Bypassing Our Pain

Bypassing Our Pain January 5, 2021

“Let me be crystal clear; if you’ve faced a tragedy and someone tells you in any way, shape or form that your tragedy was meant to be, that it happened for a reason, that it will make you a better person, or that taking responsibility for it will fix it, you have every right to remove them from your life.”  Tim Lawrence

For years, these types of responses to other people’s trauma were the default for the religious system that I was in.   I have since come to the conculsion that these types of responses never helped anyone and only drive the trauma deeper inside us.  They produce shame and shadow and do not do anything to promote healing.

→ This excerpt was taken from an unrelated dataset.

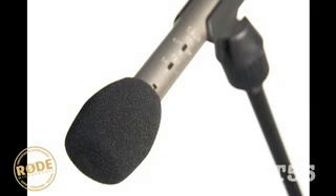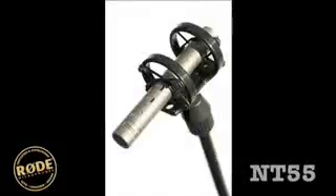The WS5 windshield is optionally available, as are the SM3, 4 and 5 shock mounts for shock mounting the NT55 on hot shoe, mic stand, or ring clamp style mounts.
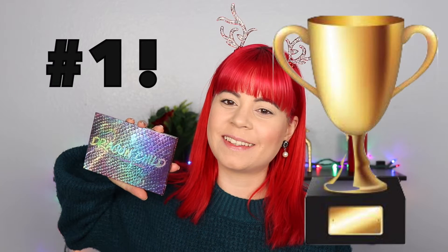Hi everyone! The time has finally come to announce my winner of the top palette of the year, and for me this was the Dragon Child palette by Menagerie Cosmetics. Here's what she looks like if you haven't already seen this beautiful little thing. I love this so much — I absolutely adore it.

Religious people of all persuasions have been absolutely dismal at helping people heal even though that was at least one of our main objectives.

We longed for magical solutions, like miracles: and while miraculous things happen every day, having that as the default obscures reality and promotes the opposite of what we hoped for.

Because the church is busy maintaining the organization and in modern times, just surviving; it does not have time to do the hard work of healing from trauma.  So, along with the religious groups, we talk to each other this way.   We bypass the hurt and search for easy answers.

It doesn’t work.  It has not ever worked.  It never will work.

The ONLY WAY to heal TRAUMA is to FEEL it!

Eugene Gendlin said, “What is split off, not felt, remains the same.  When it is felt, it changes.  Most people don’t know this!  They think that by not permitting the feeling of their negative ways they make themselves good.  On the contrary, that keeps these negatives static, the same from year to year.  A few moments of feeling it in your body allows it to change.  If there is in you something bad or sick or unsound, let it inwardly be and breathe.  That’s the only way it can evolve and change into the form it needs.”

As Tim Laurence explains, grief comes from many sources including death, but also things like relationships, illness, failures and the actions of of others.  Using catch phrases to get us past the pain only makes it worse.

When well meaning people say things like “there was a reason,” they freeze the trauma within us as they encourage us to just drive it deeper instead of feeling it.  They are essentially saying, “We don’t have time for that now,” so just hope for a miracle and ‘we’ll understand it better by and by.”  (Insert your religious and cultural catch-phrases)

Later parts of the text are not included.